Segment Start: Provided material

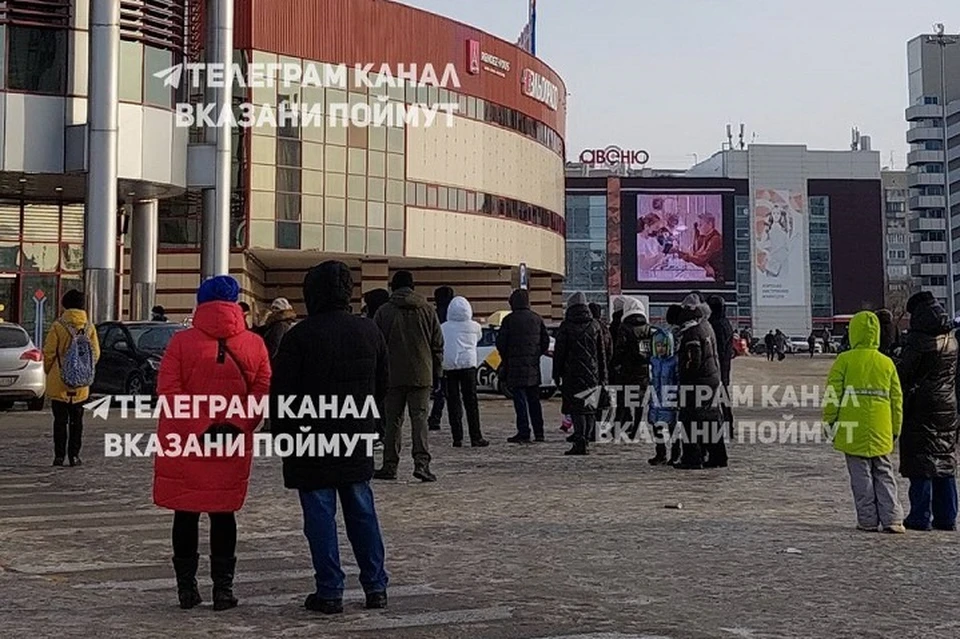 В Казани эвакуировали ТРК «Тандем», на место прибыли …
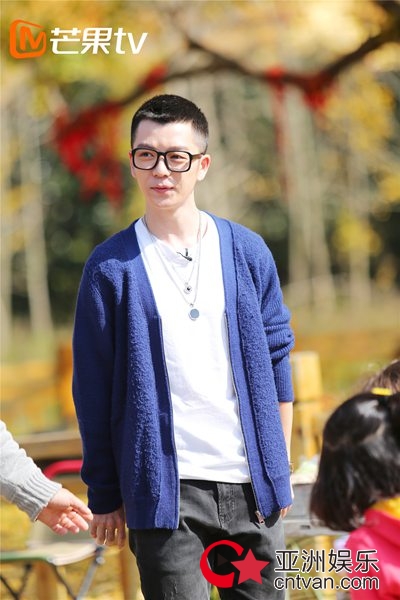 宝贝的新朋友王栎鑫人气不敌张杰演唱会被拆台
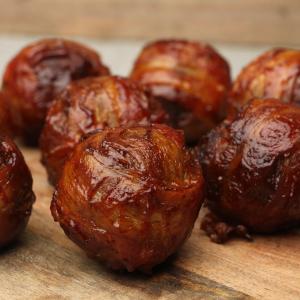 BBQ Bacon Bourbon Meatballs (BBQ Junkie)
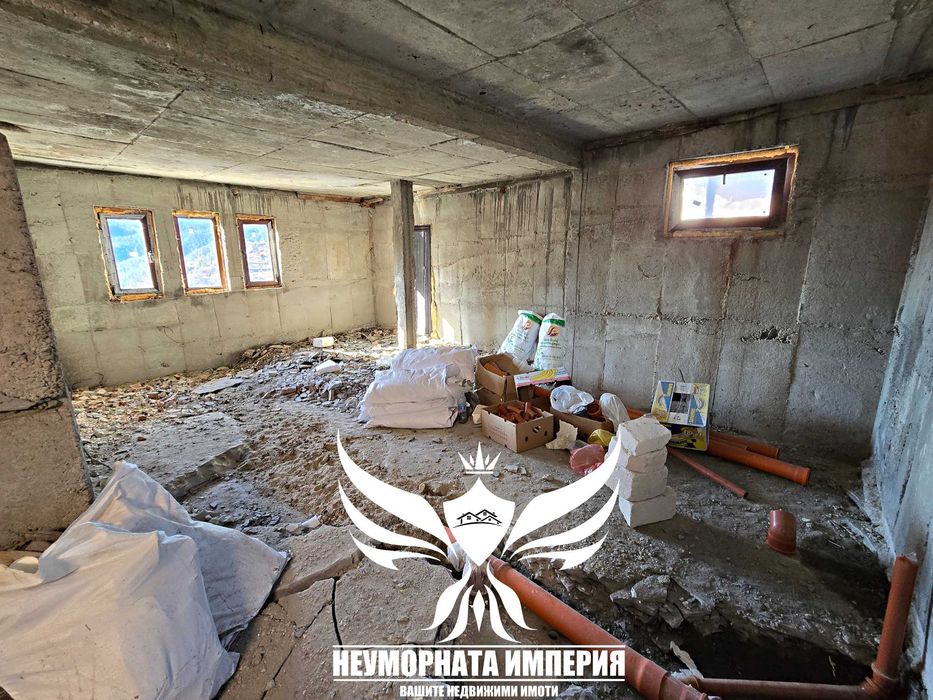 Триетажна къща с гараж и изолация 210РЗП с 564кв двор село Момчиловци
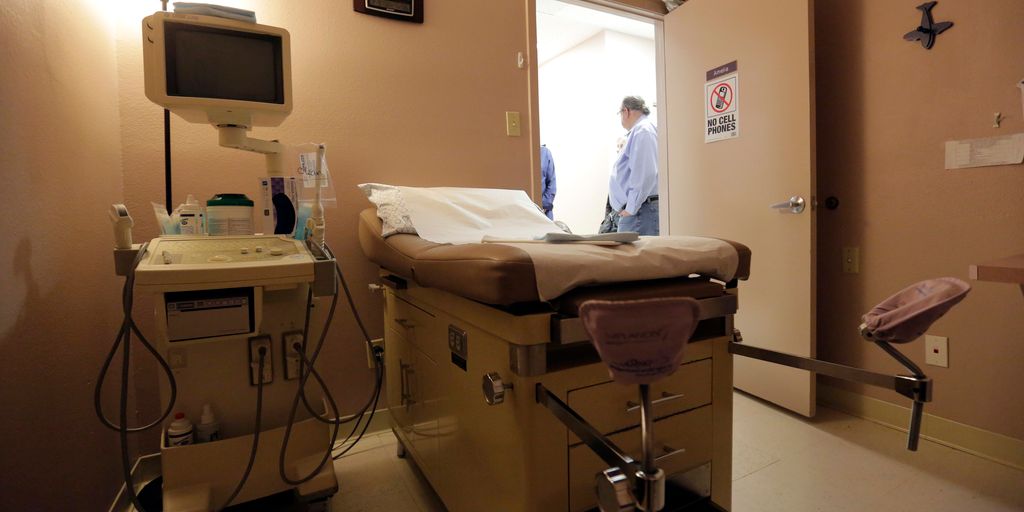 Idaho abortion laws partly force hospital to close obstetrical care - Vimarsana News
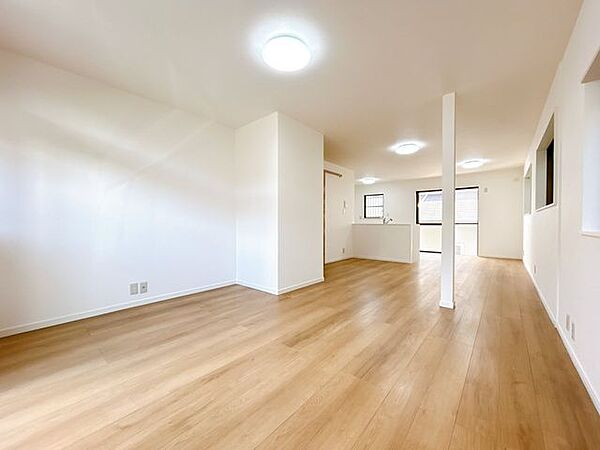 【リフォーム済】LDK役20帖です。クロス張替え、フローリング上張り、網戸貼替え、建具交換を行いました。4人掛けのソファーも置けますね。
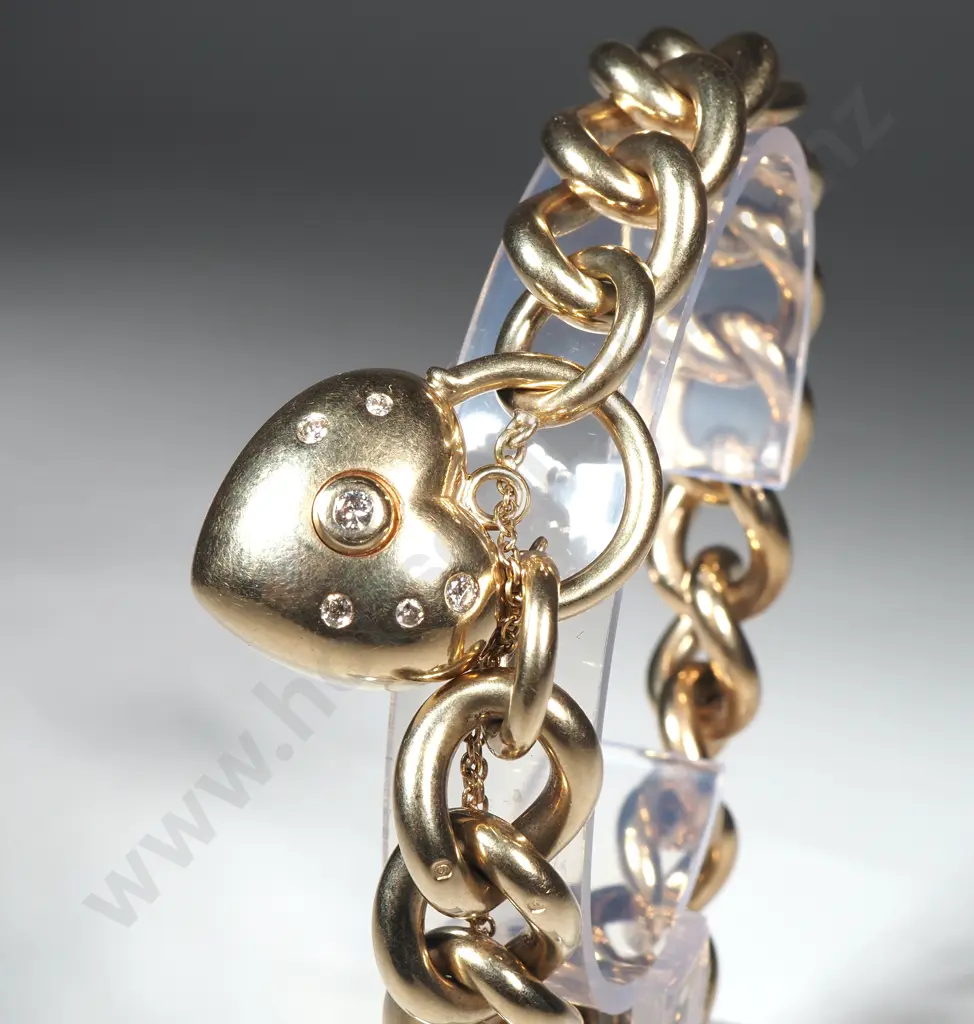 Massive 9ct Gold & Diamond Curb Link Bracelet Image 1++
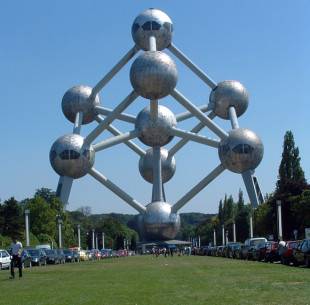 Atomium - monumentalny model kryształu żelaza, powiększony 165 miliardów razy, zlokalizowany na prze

Segment End: Provided material
Segment Start: Provided material

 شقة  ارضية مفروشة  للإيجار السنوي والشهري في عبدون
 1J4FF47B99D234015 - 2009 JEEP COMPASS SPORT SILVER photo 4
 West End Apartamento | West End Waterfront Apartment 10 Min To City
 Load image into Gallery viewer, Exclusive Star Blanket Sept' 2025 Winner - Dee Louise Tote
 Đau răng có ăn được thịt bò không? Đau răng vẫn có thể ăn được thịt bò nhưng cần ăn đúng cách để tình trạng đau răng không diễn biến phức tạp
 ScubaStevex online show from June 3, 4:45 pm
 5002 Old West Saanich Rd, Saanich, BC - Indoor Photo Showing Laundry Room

Segment End: Provided material
Segment Start: Provided material

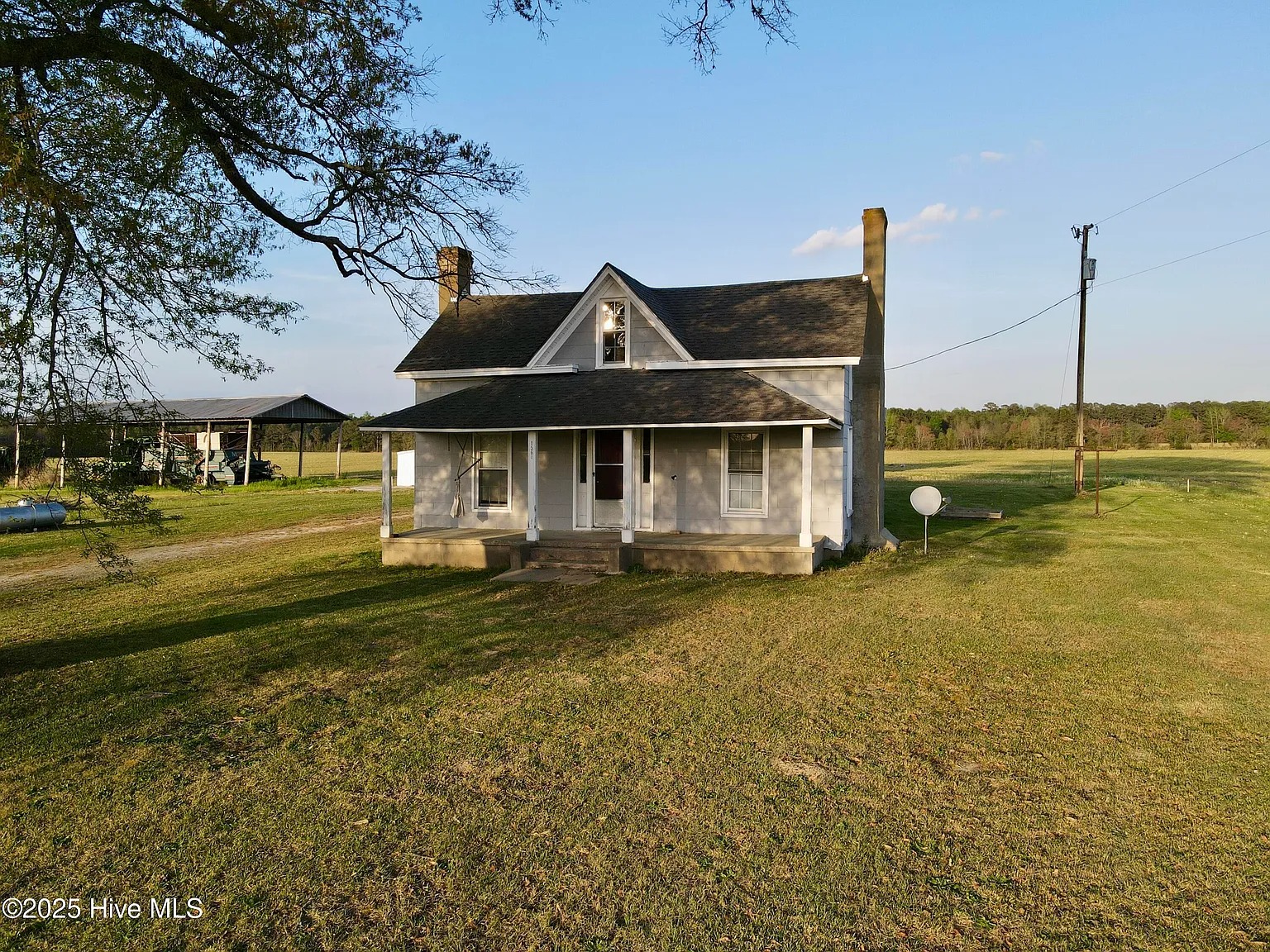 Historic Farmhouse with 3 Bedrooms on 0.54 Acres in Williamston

Segment End: Provided material

Action item
Would you output, from the records above, exactly the run of lines that starts at the line containing "1J4FF47B99D234015 - 2009" and ends at the line containing "5002 Old West", and only that run?

Answer for the task
 1J4FF47B99D234015 - 2009 JEEP COMPASS SPORT SILVER photo 4
 West End Apartamento | West End Waterfront Apartment 10 Min To City
 Load image into Gallery viewer, Exclusive Star Blanket Sept' 2025 Winner - Dee Louise Tote
 Đau răng có ăn được thịt bò không? Đau răng vẫn có thể ăn được thịt bò nhưng cần ăn đúng cách để tình trạng đau răng không diễn biến phức tạp
 ScubaStevex online show from June 3, 4:45 pm
 5002 Old West Saanich Rd, Saanich, BC - Indoor Photo Showing Laundry Room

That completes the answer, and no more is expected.